La pratique théâtrale aujourd’hui, est tributaire de l’organisation qui la régit. En effet, l’inadéquation de l’organisation existante avec les exigences actuelles en matière de sauvegarde, de promotion, et de développement, porte un coup très douloureux à la création, à la production, à la diffusion et à toutes les autres dimensions de cette pratique, y compris à la relation fondamentale qui conditionne le tout, à savoir la relation du théâtre avec le public, autrement le statut et la fonction du théâtre au sein de la société.

Il est de notoriété que l’organisation actuelle, soit globalement celle des années soixante dix, à laquelle, il a été ajouté quelques textes règlementaires qui n’ont eu aucun impact réel.

L’arsenal juridique existant, manque de clarté et de précisions vitales pour une politique cohérente qui prendrait en charge d’une manière dynamique, actualisée, efficiente et concrète les exigences d’une vision stratégique de développement de la pratique théâtrale dans notre pays, en relation avec les impératifs incontournables des avancées universelles.

Ce douloureux et grave problème se répercute d’une manière directe sur la gestion et l’organisation de la pratique théâtrale, en ouvrant des issues béantes à tous les dépassements, aux improvisations de tout acabit, à la confusion dans les missions et attributions, à la monopolisation du secteur par une minorité hégémoniste et envahissante au mépris de toute règle et enfin à une marginalisation des compétences avérées, confirmées, aguerries, qui disposent d’un itinéraire sain, élogieux par lequel, elles ont fait la preuve de leurs atouts et de leur attachement au noble art et à la patrie.

Telles sont les quelques remarques que j’ai tenues à exposer dans cette lettre que je conçois comme une alerte adressée à toute la communauté théâtrale, aux institutions publiques principalement concernées et compétentes dans le domaine.
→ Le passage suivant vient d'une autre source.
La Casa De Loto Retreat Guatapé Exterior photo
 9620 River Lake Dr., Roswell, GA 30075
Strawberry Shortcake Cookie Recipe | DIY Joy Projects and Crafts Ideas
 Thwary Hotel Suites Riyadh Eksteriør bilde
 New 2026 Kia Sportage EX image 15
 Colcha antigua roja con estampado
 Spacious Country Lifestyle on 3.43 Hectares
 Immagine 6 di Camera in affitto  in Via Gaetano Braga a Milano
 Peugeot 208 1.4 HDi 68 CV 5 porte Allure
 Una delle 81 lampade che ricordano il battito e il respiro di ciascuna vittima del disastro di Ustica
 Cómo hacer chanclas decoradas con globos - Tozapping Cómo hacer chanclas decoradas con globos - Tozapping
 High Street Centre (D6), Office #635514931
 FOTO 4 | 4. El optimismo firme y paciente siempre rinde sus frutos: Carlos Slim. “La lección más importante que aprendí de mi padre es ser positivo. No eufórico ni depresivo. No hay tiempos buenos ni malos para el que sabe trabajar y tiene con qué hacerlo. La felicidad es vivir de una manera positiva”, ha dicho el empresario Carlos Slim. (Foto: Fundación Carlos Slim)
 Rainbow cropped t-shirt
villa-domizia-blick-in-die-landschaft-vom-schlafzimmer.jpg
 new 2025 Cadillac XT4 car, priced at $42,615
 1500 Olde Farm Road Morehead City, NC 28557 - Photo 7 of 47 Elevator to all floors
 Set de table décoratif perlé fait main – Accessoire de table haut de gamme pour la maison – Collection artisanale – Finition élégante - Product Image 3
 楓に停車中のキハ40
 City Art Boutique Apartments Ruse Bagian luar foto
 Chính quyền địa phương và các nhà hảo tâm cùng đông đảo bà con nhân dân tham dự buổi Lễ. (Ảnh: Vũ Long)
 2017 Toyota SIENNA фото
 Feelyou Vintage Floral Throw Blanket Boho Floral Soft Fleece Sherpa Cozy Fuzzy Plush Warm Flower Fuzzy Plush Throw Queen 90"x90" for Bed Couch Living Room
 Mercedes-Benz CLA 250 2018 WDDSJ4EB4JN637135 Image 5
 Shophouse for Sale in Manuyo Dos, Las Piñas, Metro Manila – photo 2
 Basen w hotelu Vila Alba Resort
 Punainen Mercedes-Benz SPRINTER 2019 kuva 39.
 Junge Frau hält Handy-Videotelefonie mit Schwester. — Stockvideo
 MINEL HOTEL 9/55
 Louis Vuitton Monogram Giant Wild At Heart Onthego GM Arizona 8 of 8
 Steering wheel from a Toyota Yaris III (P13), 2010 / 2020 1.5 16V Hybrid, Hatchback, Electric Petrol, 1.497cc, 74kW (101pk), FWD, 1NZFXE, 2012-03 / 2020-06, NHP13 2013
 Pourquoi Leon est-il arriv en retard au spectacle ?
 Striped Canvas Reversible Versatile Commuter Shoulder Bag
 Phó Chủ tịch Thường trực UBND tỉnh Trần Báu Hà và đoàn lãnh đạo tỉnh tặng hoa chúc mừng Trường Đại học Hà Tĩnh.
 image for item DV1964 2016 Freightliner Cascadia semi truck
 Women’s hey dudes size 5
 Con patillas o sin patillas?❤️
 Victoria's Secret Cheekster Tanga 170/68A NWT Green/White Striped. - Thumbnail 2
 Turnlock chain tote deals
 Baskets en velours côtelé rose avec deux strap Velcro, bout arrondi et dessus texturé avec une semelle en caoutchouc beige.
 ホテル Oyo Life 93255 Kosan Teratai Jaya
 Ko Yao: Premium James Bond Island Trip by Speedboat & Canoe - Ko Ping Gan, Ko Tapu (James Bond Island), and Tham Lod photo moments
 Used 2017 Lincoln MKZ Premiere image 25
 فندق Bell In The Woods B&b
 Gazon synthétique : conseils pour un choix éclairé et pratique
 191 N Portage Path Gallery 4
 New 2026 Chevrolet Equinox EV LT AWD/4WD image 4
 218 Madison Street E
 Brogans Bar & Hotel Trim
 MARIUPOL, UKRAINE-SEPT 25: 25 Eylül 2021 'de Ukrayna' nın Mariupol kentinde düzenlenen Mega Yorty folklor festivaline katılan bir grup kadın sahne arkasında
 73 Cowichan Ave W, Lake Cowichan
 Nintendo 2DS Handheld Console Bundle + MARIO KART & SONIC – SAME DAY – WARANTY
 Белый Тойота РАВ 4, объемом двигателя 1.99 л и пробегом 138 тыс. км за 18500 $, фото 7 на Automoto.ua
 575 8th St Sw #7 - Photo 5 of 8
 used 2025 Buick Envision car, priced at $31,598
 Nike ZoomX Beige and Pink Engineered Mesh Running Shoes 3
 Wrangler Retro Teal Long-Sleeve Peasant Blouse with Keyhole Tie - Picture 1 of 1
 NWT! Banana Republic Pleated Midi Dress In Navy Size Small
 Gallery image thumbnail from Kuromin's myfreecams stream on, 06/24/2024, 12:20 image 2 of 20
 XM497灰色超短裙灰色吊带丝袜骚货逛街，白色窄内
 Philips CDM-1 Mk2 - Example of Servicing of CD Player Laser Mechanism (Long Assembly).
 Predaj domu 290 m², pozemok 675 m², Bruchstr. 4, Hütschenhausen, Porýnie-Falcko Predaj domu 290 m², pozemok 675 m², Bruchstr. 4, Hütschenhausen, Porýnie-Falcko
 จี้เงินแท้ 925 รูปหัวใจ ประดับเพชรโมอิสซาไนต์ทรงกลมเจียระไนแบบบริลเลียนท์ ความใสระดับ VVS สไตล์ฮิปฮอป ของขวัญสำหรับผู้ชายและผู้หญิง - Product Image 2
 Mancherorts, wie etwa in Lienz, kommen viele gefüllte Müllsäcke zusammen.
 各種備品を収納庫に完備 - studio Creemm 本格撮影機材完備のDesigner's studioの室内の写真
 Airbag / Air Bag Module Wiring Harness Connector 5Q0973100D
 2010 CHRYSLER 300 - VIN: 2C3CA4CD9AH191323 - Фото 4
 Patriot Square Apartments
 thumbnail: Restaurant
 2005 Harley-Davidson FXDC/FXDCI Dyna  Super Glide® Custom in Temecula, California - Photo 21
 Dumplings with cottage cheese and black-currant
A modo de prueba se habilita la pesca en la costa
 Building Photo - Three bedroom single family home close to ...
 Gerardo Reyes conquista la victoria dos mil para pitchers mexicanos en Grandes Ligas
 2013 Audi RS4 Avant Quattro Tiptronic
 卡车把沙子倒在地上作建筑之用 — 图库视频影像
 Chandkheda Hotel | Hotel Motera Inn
De toute mon âme et de toutes mes forces, je crie « ayez le courage et l’honnêteté d’arrêter cette mascarade, soyez digne de votre Algérie, car plusieurs de ses enfants sont de garde et attendent le moment propice pour agir. »

Seule une gestion démocratique basée sur la concertation sincère, transparente et honnête, de toute la communauté théâtrale, peut créer les conditions propices et adéquates pour arrêter l’hémorragie grave et dangereuse et redresser la situation pour faire face aux exigences d’une stratégie forte devant permettre de réaliser les objectifs de sauvegarde, de réhabilitation, de promotion et de développement de la pratique théâtrale en Algérie !

Un proverbe de nos montagnes dit : « Mieux vaut répondre au cri émouvant de détresse, que d’être contraint de faire face au déluge qui tonnera ! »

Feu Federico Garcia Lorca, jeune dramaturge espagnol, assassiné par les hordes sauvages des fascistes sanguinaires Franco, Hitler et Mussolini, disait :

« Le théâtre est un des instruments les plus utiles à l’édification d’un pays, il est le baromètre qui en marque la grandeur ou la décadence. Un théâtre sensible et bien orienté dans ses branches, de la tragédie au vaudeville, peut changer en peu d’années, la sensibilité d’un peuple. Un théâtre en piètre état, ayant des sabots au lieu des ailes, peut abêtir et endormir une nation entière ! »

Je renouvelle mes salutations fraternelles et amicales à toute la communauté théâtrale et aux citoyens de la WILAYA de SKIKDA qui m’est très chère.

Mokhtar ATMANI Dramaturge, Romancier, Auteur dramatique, Metteur en scène, Formateur en Dramaturgie, en Narratologie et en Écriture dramatique.